April 30, 2023
April 2023 at Policy Integrity
- EPA Rolls Out New Rules for Transportation and Power Sectors
- Policy Integrity to Assist with New EPA Environmental Justice Program
- Long-overdue Updates Will Help Modernize Regulatory Review
- Webinar: Energy Insecurity & Energy Transitions — Obstacles & Opportunities
- Strengthening Agencies’ Consideration of Climate Impacts under NEPA
- We are Hiring!
- More From This Month
This month, the Environmental Protection Agency (EPA) proposed new standards for light- and medium-duty vehicles that will significantly reduce greenhouse gas emissions and other criteria pollutants from the transportation sector. Meredith Hankins explained why the rule would be robust against major questions doctrine challenges, emphasizing the Clean Air Act has always been “technology-forcing.” Hankins’ full statement is available here.

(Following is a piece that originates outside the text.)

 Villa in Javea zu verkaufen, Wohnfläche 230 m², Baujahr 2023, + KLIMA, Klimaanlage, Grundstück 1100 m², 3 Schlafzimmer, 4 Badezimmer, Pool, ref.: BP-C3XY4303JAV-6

EPA also proposed to strengthen the landmark Mercury and Air Toxics Standards (MATS) which protect public health by limiting mercury and other toxic air pollution from coal- and oil-fired power plants. EPA based this strengthening on a revised technology review, which found that control technologies are more widely used, more effective, and cheaper than when EPA promulgated MATS.
EPA is also expected to soon release a proposal that will require coal- and gas-fired power plants to reduce their greenhouse gas emissions. The rule is expected to set at least some emissions limits based on the efficacy of new technologies that facilities can install to capture carbon. While the rule will face legal scrutiny, setting pollution limits based on controls installed at the source “is really the bread and butter of the Clean Air Act and the type of regulation that EPA has been issuing for decades,” Dena Adler told Politico.
The Environmental Protection Agency recently announced the launch of its Environmental Justice Thriving Communities Technical Assistance Centers, which will provide technical assistance, training, and related support to environmental justice communities. The Institute for Policy Integrity at NYU School of Law is part of a coalition led by WE ACT for Environmental Justice that was selected to establish one of the Centers for EPA’s Region 2, which includes New Jersey, New York, Puerto Rico, the U.S. Virgin Islands and eight Indian Nations. Policy Integrity will focus on assisting groups with a variety of legal, economic, and policy matters.
The White House Office of Management and Budget recently proposed updates to Circular A-4, the primary guidance document on federal agencies’ economic analyses of regulations. Last revised in 2003, the guidance plays a key role in federal regulatory policy, shaping how agencies estimate the benefits and costs of rules. The proposed revisions update and expand OMB’s instructions to agencies regarding the consideration of benefits and costs that occur in the future or outside the United States; assessment of equity concerns related to the distribution of regulatory impacts; behavioral economics issues; and other matters. Natasha Brunstein and Max Sarinsky offer an in-depth analysis of the proposed changes in this blog post.
Join us for a discussion of energy insecurity and the energy transition on May 15th at 2 pm Eastern Time. Panelists will share takeaways from their research and policy work at the nexus of energy insecurity and energy transitions. Leading researchers and policy professionals will discuss how the energy security of low-income populations might be affected by different aspects of the energy transition and examine possible solutions. Register here! This webinar is part of an ongoing series highlighting energy equity research funded by the Alfred P. Sloan Foundation. Stay tuned for upcoming events!
In January, the Council on Environmental Quality (CEQ) published interim guidance providing best practices to federal agencies for considering climate change in environmental reviews conducted under the National Environmental Policy Act. We submitted comments urging CEQ to (1) improve its recommendations on considering climate change vulnerability and resilience, and (2) refine its guidance to ensure that agencies do not inappropriately minimize greenhouse gas emissions of these actions. Max Sarinsky commended CEQ’s overall approach to accounting for greenhouse gas emissions: “I think the ways that CEQ suggests [to contextualize greenhouse gas emissions]—particularly, the social costs of greenhouse gases and considering carbon budgets and climate commitments—is really a thoughtful way to show what the emissions mean,” he told Inside Climate News.
- We submitted comments to the New York Public Service Commission on the state’s Energy Storage Roadmap.
- We published two new papers—one on the value of distribution system information for distributed energy resource deployment and another on the Federal Energy Regulatory Commission’s authority in light of West Virginia v. EPA.